| TASK DESCRIPTION |
Print the records below word for word, beginning with the first line and ending once the line containing "Tis The Season" is printed.

| PROVIDED RECORDS |

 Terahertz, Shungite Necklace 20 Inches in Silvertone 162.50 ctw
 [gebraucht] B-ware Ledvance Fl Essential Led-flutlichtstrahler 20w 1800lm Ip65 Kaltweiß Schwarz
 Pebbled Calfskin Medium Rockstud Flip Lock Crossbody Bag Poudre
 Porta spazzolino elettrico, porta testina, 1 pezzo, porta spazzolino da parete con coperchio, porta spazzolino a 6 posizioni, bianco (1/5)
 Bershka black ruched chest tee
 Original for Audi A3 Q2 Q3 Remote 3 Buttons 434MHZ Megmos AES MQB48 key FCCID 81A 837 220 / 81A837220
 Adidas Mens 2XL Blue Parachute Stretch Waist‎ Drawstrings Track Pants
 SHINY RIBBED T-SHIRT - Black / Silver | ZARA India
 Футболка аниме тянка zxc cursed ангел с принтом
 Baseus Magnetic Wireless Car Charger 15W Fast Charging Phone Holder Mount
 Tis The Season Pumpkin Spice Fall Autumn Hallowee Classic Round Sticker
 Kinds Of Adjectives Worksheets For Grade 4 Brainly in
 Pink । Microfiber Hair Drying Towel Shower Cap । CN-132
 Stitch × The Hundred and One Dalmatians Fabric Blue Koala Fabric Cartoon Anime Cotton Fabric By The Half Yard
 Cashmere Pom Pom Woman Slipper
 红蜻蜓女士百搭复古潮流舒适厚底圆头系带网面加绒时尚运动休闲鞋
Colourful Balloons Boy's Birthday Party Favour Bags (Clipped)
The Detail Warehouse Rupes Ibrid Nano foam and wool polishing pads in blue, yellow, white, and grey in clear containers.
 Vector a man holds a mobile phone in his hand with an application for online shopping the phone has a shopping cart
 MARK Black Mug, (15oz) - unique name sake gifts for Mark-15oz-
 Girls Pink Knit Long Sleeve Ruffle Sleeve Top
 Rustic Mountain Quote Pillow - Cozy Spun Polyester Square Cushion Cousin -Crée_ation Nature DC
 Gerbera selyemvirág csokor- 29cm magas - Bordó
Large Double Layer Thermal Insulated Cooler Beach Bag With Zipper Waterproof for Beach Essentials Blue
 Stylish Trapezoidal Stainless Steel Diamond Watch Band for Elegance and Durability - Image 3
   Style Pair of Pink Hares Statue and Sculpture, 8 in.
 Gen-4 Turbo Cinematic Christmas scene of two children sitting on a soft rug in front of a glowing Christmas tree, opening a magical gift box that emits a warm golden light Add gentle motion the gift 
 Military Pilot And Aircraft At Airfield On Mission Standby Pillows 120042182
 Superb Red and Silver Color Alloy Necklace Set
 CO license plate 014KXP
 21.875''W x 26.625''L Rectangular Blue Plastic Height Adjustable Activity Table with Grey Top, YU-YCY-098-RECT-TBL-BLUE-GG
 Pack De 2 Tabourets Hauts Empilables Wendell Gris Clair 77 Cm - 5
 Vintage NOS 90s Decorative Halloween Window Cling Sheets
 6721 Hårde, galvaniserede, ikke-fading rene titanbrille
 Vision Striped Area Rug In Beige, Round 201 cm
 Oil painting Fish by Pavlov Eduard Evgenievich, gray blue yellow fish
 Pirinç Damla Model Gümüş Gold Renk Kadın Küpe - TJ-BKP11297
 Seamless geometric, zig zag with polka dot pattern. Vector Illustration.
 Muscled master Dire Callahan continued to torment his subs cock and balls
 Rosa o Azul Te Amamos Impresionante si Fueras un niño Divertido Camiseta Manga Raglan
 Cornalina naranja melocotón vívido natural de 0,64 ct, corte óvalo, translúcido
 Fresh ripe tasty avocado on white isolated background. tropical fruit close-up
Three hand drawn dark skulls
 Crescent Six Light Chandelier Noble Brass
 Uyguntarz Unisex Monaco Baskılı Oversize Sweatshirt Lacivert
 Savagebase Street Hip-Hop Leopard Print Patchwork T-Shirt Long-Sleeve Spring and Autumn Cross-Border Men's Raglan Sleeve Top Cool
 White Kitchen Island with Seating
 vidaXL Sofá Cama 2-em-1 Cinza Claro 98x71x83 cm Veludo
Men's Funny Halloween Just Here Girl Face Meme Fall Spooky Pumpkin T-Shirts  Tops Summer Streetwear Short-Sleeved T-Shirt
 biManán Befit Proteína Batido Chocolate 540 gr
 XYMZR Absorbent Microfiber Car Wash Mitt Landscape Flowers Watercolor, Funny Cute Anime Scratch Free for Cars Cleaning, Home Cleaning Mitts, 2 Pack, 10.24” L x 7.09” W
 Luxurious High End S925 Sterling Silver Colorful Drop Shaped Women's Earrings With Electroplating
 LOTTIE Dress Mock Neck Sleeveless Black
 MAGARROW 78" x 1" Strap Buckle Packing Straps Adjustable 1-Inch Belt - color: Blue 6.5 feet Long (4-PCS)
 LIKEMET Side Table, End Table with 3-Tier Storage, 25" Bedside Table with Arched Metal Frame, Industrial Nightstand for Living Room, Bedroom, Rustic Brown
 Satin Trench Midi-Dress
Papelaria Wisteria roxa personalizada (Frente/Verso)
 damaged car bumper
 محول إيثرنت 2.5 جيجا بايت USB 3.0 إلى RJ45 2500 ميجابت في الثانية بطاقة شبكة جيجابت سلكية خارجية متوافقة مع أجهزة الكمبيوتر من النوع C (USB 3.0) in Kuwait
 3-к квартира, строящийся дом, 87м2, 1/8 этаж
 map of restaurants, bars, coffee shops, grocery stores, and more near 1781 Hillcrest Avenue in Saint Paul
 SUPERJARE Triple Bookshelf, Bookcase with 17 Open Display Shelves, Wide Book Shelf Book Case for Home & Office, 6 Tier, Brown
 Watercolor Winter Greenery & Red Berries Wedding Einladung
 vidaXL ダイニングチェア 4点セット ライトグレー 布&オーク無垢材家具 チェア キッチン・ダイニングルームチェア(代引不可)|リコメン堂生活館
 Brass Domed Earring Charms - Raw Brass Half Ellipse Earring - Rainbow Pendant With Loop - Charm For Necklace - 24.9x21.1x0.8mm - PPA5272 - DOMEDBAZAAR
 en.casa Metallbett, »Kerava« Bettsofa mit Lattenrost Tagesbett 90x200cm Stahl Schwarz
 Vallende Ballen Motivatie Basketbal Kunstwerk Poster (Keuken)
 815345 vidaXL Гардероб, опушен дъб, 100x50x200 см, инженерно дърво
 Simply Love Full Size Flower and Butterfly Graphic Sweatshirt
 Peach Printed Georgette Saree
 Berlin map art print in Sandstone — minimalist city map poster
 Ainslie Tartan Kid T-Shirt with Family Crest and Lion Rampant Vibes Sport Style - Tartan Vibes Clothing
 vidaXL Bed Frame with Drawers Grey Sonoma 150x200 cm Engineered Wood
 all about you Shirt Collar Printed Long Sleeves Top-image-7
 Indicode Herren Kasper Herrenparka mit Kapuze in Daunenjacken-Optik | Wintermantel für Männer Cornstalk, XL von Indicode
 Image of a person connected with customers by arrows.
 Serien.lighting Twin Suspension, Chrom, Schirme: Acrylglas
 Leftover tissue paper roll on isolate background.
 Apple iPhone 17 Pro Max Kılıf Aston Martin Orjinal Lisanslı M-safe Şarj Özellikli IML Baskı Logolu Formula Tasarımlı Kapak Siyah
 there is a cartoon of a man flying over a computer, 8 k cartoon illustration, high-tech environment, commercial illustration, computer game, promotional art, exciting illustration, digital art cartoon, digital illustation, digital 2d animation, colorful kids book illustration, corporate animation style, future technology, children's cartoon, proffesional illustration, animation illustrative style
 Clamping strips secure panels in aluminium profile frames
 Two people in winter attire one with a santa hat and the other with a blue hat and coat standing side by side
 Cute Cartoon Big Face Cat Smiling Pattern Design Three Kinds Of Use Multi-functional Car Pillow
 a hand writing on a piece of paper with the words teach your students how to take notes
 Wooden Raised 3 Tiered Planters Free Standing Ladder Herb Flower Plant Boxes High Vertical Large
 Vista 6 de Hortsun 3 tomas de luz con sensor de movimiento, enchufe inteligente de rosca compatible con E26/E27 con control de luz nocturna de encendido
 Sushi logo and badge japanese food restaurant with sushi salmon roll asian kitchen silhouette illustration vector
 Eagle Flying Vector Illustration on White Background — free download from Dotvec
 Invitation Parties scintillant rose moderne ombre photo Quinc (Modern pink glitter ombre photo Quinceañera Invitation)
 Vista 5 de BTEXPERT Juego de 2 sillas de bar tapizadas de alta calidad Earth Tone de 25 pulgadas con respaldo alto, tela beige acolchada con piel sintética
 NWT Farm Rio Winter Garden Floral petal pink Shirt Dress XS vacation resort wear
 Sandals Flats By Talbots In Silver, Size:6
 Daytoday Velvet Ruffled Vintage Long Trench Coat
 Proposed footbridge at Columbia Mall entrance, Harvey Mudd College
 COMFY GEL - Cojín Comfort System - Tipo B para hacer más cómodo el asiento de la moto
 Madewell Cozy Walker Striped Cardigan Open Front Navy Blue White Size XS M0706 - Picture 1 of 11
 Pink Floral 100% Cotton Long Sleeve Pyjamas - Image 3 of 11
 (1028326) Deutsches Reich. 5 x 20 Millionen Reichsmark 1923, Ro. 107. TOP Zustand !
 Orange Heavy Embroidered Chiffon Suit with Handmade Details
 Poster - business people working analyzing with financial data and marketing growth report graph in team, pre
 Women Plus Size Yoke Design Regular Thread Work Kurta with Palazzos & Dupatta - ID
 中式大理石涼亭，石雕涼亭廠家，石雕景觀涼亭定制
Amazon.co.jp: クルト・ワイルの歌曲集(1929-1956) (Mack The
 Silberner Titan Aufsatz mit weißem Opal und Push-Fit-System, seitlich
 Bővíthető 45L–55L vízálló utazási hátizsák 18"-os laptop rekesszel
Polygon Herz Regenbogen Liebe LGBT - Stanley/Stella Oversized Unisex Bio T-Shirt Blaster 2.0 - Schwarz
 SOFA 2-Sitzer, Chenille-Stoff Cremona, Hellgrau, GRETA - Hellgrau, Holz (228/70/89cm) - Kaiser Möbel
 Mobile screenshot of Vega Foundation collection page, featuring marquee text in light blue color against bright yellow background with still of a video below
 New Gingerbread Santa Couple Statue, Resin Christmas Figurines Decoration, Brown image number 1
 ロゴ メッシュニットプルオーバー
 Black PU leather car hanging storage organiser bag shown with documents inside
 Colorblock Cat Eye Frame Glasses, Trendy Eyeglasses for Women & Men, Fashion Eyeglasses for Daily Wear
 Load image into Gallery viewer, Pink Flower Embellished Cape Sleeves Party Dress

| PROBLEM SOLUTION |
 Terahertz, Shungite Necklace 20 Inches in Silvertone 162.50 ctw
 [gebraucht] B-ware Ledvance Fl Essential Led-flutlichtstrahler 20w 1800lm Ip65 Kaltweiß Schwarz
 Pebbled Calfskin Medium Rockstud Flip Lock Crossbody Bag Poudre
 Porta spazzolino elettrico, porta testina, 1 pezzo, porta spazzolino da parete con coperchio, porta spazzolino a 6 posizioni, bianco (1/5)
 Bershka black ruched chest tee
 Original for Audi A3 Q2 Q3 Remote 3 Buttons 434MHZ Megmos AES MQB48 key FCCID 81A 837 220 / 81A837220
 Adidas Mens 2XL Blue Parachute Stretch Waist‎ Drawstrings Track Pants
 SHINY RIBBED T-SHIRT - Black / Silver | ZARA India
 Футболка аниме тянка zxc cursed ангел с принтом
 Baseus Magnetic Wireless Car Charger 15W Fast Charging Phone Holder Mount
 Tis The Season Pumpkin Spice Fall Autumn Hallowee Classic Round Sticker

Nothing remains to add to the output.